UK producers body PACT on Wednesday called for its members to stick to its own terms for secondary payments for actors after performers union Equity this week went ahead with its strike threat.

PACT said talks with Equity over the introduction of secondary payments had broken down and called for independent producers to offer actors up to 2% of net profits rather than the 3% ceiling Equity aims to secure. At the moment, British actors receive a flat fee for their performances even if the films they work on become a huge success in the various ancillary markets.

PACT said it supported productions such as BBC Films' Dirty Pretty Things and The Heart Of Me, which have agreed to Equity's terms in order to shoot as planned. The body said it appreciated "the dire straits" that some producers have been placed in.

"We cannot, however, treat any acceptance of these Equity terms by producers as precedential," said a spokesperson.

The main stumbling block to an agreement is on studio pictures.

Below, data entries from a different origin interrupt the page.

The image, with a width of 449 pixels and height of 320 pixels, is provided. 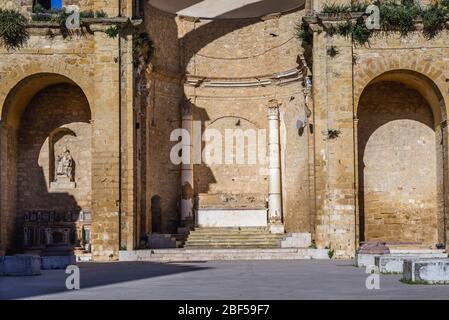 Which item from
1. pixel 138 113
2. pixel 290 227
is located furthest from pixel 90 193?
pixel 290 227

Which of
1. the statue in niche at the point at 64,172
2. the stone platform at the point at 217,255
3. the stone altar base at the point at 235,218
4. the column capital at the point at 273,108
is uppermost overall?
the column capital at the point at 273,108

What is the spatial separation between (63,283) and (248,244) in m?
14.8

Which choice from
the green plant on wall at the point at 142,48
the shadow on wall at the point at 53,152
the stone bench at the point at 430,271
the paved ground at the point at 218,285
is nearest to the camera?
the paved ground at the point at 218,285

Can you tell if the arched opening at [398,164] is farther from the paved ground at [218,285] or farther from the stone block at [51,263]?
the stone block at [51,263]

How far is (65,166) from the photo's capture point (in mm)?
28078

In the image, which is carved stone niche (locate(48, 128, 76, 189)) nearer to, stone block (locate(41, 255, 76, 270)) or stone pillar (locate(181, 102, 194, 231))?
stone pillar (locate(181, 102, 194, 231))

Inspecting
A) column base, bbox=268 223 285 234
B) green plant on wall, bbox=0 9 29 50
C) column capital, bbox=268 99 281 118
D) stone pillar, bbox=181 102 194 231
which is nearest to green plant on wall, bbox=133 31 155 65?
green plant on wall, bbox=0 9 29 50

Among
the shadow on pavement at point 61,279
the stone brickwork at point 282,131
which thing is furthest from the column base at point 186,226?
the shadow on pavement at point 61,279

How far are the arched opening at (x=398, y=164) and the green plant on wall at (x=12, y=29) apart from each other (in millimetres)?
11392

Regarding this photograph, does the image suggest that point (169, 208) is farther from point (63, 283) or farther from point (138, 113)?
point (63, 283)

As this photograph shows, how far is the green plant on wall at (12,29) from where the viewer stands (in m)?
25.6

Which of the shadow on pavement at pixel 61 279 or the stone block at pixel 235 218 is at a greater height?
the stone block at pixel 235 218

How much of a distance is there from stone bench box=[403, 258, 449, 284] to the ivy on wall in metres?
13.0

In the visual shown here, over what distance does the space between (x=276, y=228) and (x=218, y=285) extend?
16587 millimetres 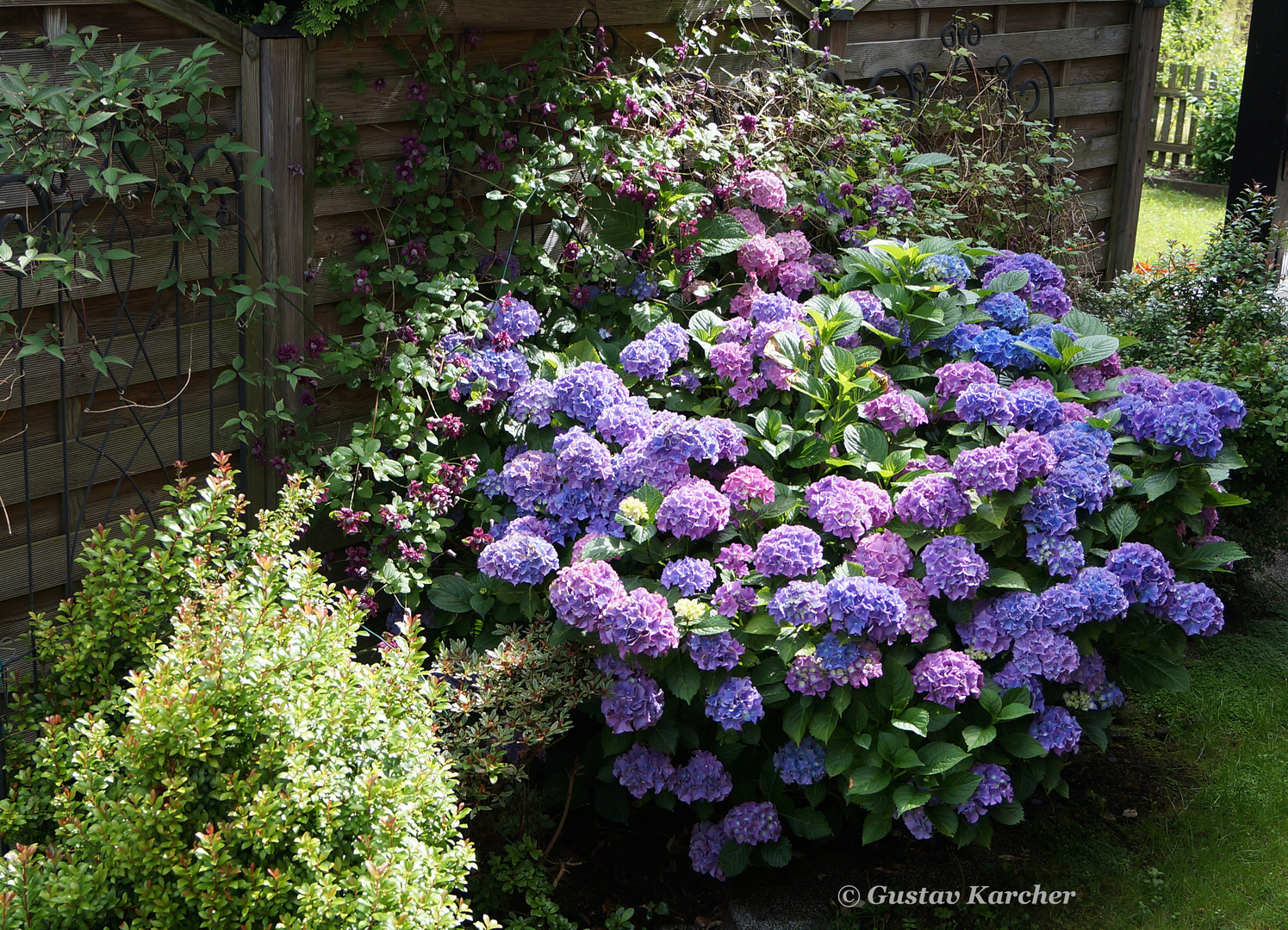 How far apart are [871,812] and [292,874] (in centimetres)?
128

PACT said the strike would send a clear message to US studios that Britain is not the place to plan to make their movies.

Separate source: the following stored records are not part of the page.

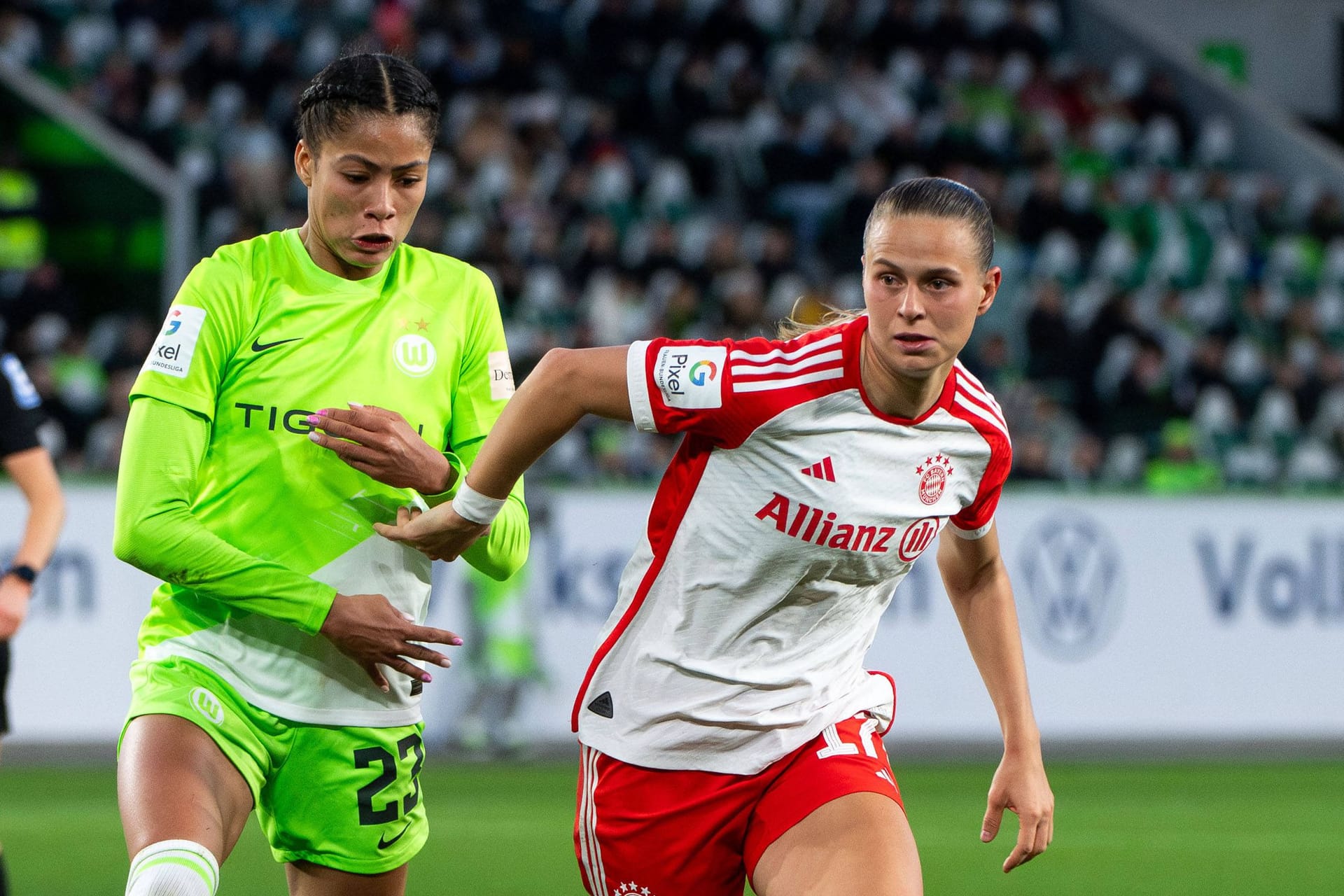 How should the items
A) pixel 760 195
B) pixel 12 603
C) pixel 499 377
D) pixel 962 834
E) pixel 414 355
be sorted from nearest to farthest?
pixel 414 355
pixel 499 377
pixel 12 603
pixel 962 834
pixel 760 195

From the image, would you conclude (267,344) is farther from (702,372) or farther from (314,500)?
(702,372)

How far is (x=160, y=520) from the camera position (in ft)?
11.7

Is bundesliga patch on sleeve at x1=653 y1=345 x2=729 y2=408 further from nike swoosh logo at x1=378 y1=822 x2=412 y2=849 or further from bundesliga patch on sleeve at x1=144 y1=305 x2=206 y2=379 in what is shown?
nike swoosh logo at x1=378 y1=822 x2=412 y2=849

"PACT believes that this set of proposals will go a very long way towards meeting Equity's aspiration that performers should share in the success of successful films made in Britain," the organisation said. "To go further than this would seriously endanger the substantial inward investment from overseas that supports so much British filmmaking."

But Equity rejected PACT's proposal of secondary payments from video and DVD revenues as it excluded any payments from North America and Europe outside the UK. Equity has struck its own interim deals on studio titles such as the next James Bond film where it secured revenues from worldwide markets.

"MGM told us it would be happy for that to be the industry standard," said an Equity spokesperson.